150MB csv file stored in SQL 2012 FileTable - how can I query the data to insert into a table

1.5k views Asked by At

I have a simple database with a Persons table

UserId, Name,DOB

The table contains 750,000 rows (People).

I receive a CSV file that may contain 10 million rows

UserId, Address1, Address2, Address3, TownCity, Region, Country, 
Telephone1, Telephone2, Telephone3 

of the users current and prior contact details

This file has the usersId in it so I can match the contact details to the user.

A one to many relationship exists between person and contact details

My end goal is a query to select UserId, Name, DOB, Address1, Address2...... etc

Currently I use .net to open the csv file and read line by line and writing each record to SQL server individually (possibly 10 million sql inserts) - This is slow, so I am looking at other was of doing this.

I am experimenting with SQL 2012 FileTable/Stream - so I have the csv file stored in the FileTable and can query as such

SELECT [file_stream], [name], [path_locator], [parent_path_locator],
       [file_type], [cached_file_size], [creation_time]  
FROM [MYDB_FileTable].[dbo].[AddressFileTable]

Does anybody know if I can query the FileStream and bulk insert or any other way of working with the core csv data?

I have looked at

DECLARE @csv varchar(max)
SELECT @csv = convert(varchar(max), [file_stream])  FROM PKIFileTable

but due to the file size this does not work

Any suggestions are welcome.

3

There are 3 answers

2
Janus007 On BEST ANSWER

You could use SSIS for that task. It should be fairly simple to accomplish what you need.

What is slow?

Why was my previous answer deleted? What is going on here?

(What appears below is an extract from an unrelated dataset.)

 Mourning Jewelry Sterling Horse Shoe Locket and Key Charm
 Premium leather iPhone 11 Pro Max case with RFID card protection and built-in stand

My answer is based at the last clause : "any other way of working with the core csv data?"

0
Ben On

Thanks Janus007 - it would seem that having someone point out the obvious - use SSIS. Often is the simplest answer. I am using SSIS to do this successfully

But i would still like to know how to best query a CSV file that is stored in a Filestream

0
Janus007 On

Another solution could be to develop a CLR in C# and handle the FileStream with that, utilizing this method you can still use the nice language of TSQL and easily debug in C#.